What needs to be done :: Copy out exactly the stretch below, from the line with "Milwaukee Power Bits 48-32-4855" through the line with "MARK FORMELLE Бюстгальтер 512730", both included; the pictures stay out.

═══ Records to process ═══

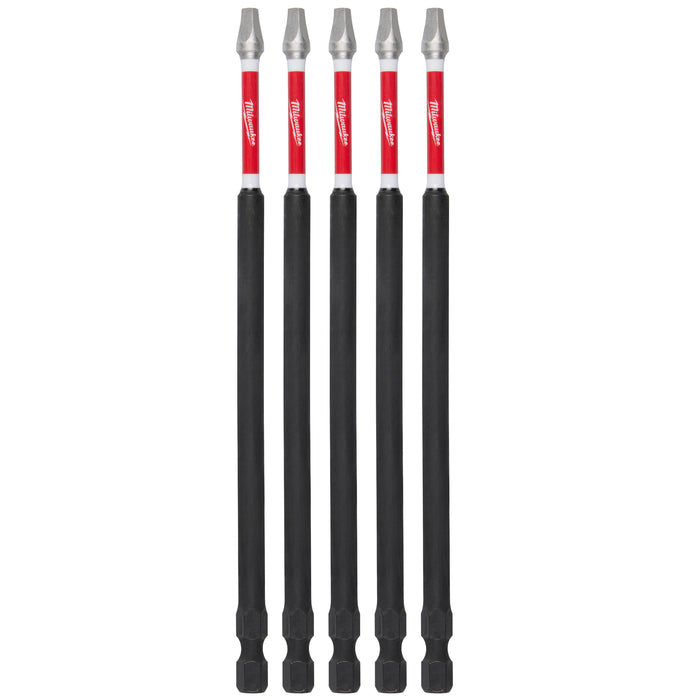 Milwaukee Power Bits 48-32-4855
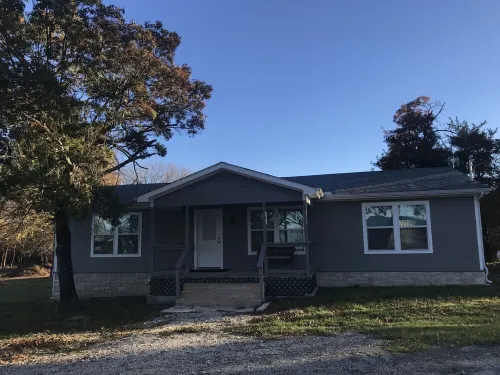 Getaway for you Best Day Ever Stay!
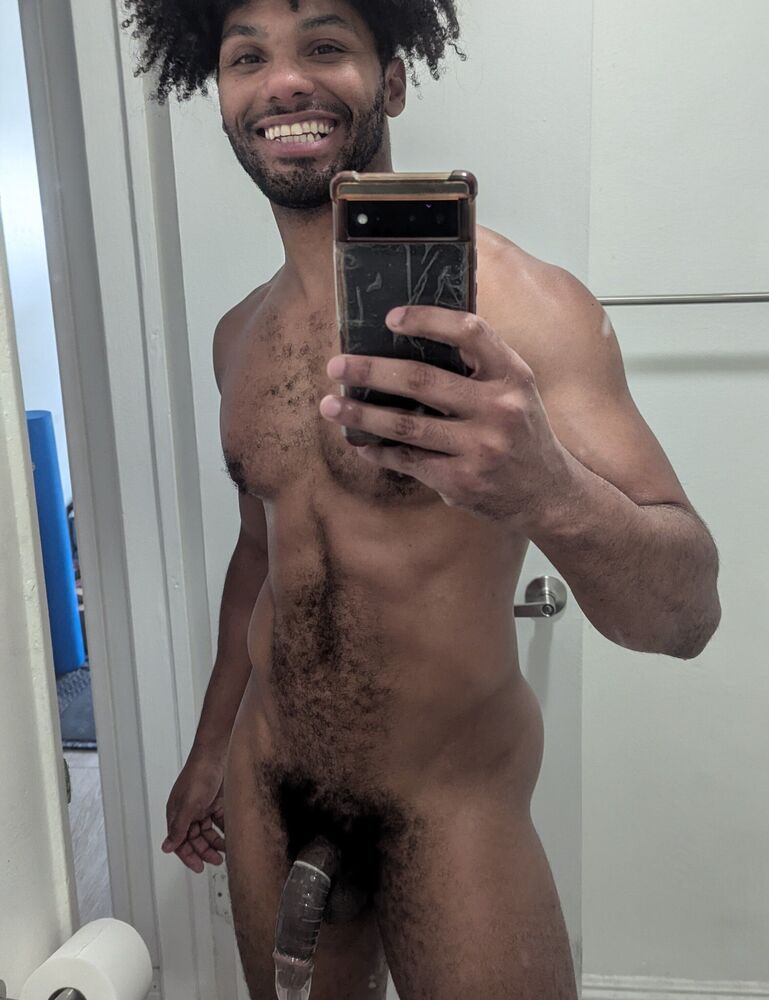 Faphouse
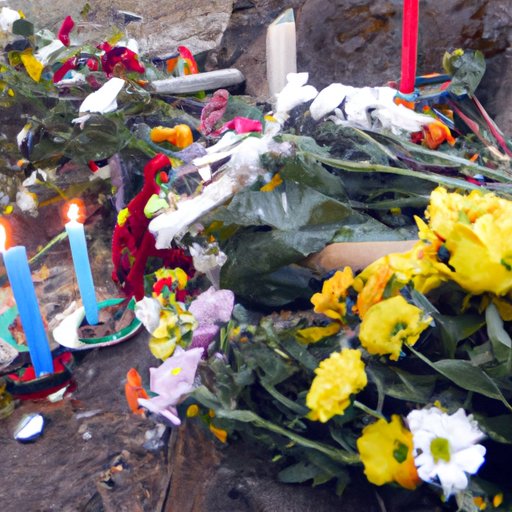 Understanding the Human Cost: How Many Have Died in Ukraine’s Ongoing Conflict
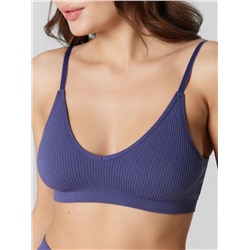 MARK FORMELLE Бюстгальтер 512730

═══
═══ Records to process ═══

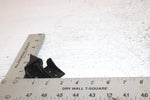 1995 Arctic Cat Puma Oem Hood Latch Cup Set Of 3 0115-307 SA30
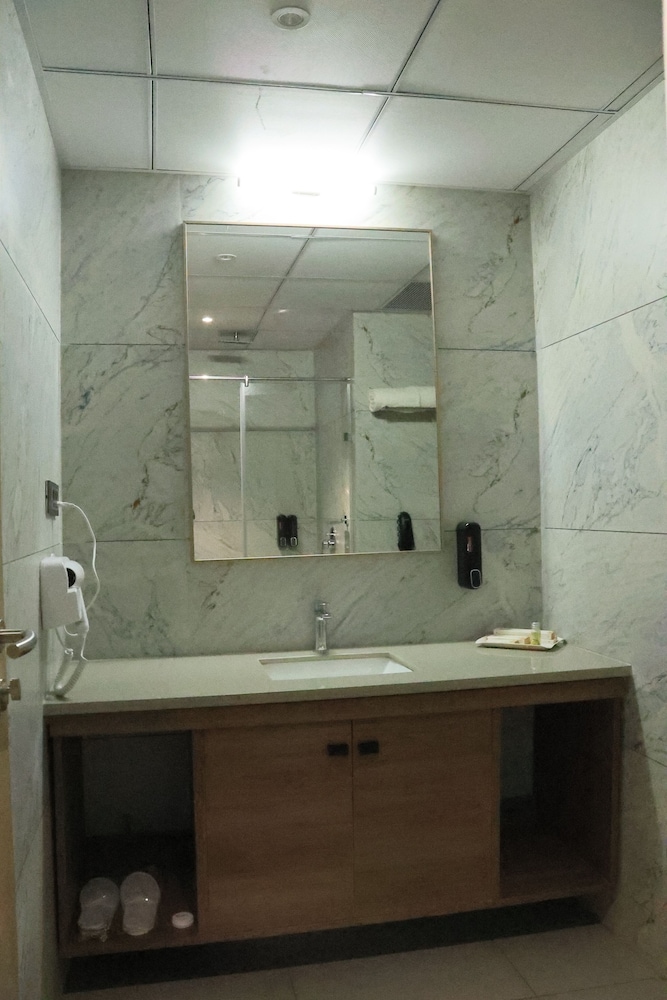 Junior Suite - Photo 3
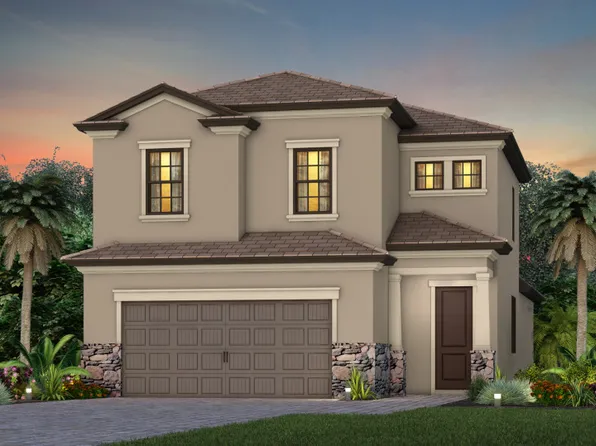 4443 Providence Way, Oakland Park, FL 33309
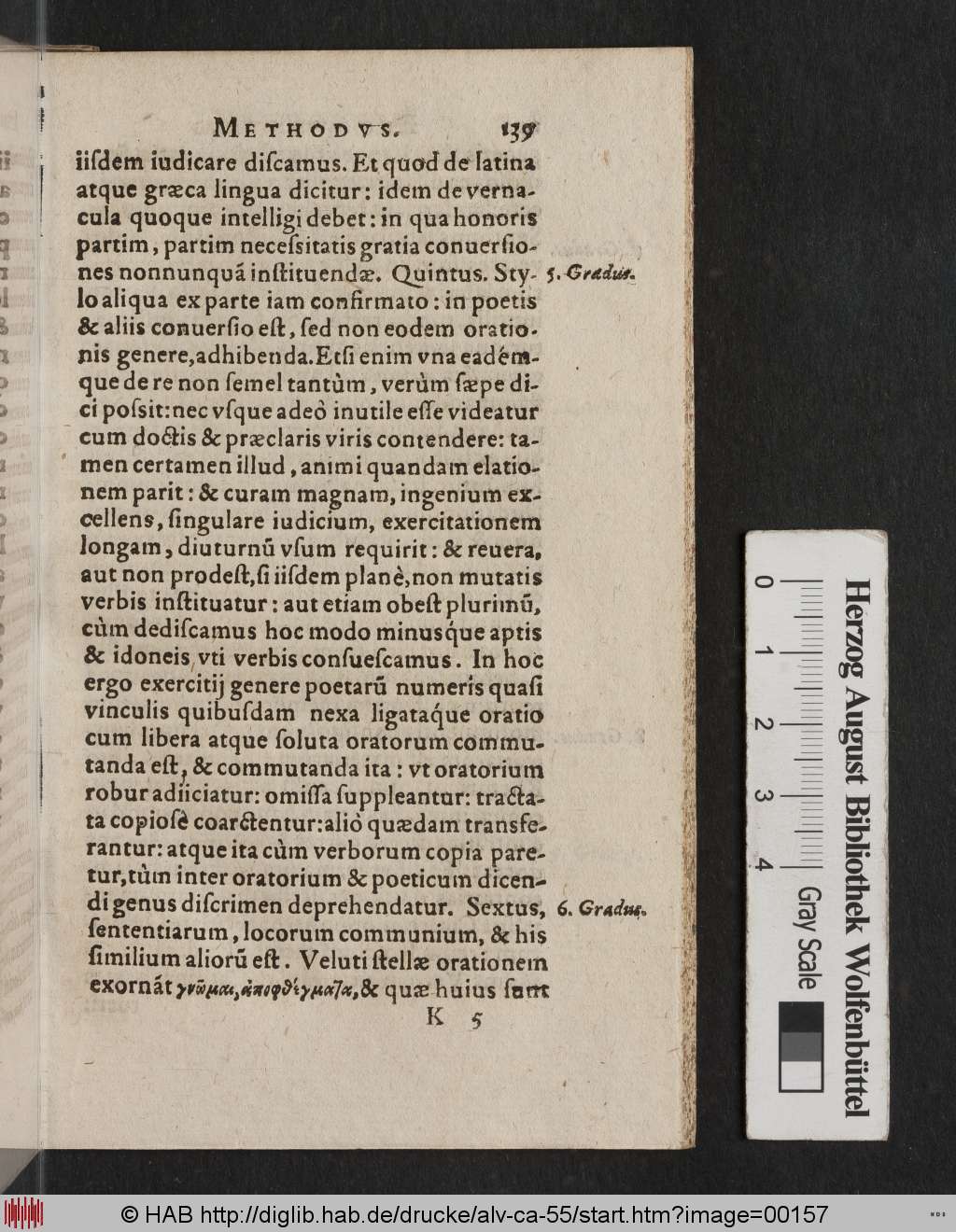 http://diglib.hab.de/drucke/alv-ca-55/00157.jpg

═══
═══ Records to process ═══

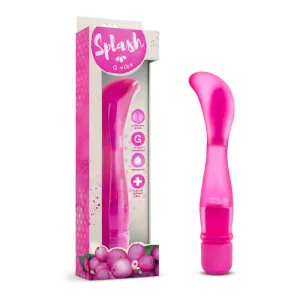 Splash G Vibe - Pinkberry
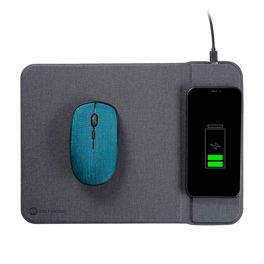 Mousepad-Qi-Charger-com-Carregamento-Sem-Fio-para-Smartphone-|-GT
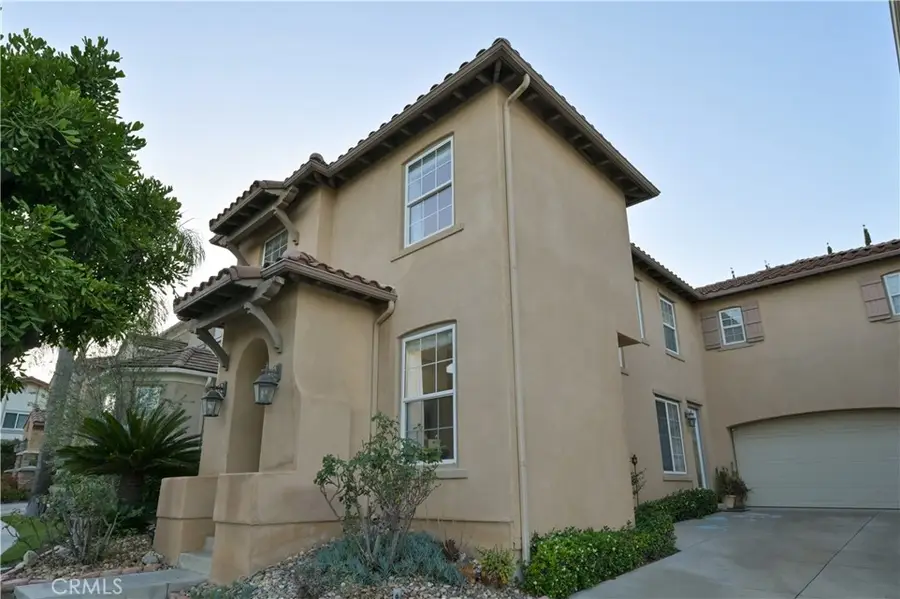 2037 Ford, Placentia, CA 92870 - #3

═══

Task result ::
 Milwaukee Power Bits 48-32-4855
 Getaway for you Best Day Ever Stay!
 Faphouse
 Understanding the Human Cost: How Many Have Died in Ukraine’s Ongoing Conflict
 MARK FORMELLE Бюстгальтер 512730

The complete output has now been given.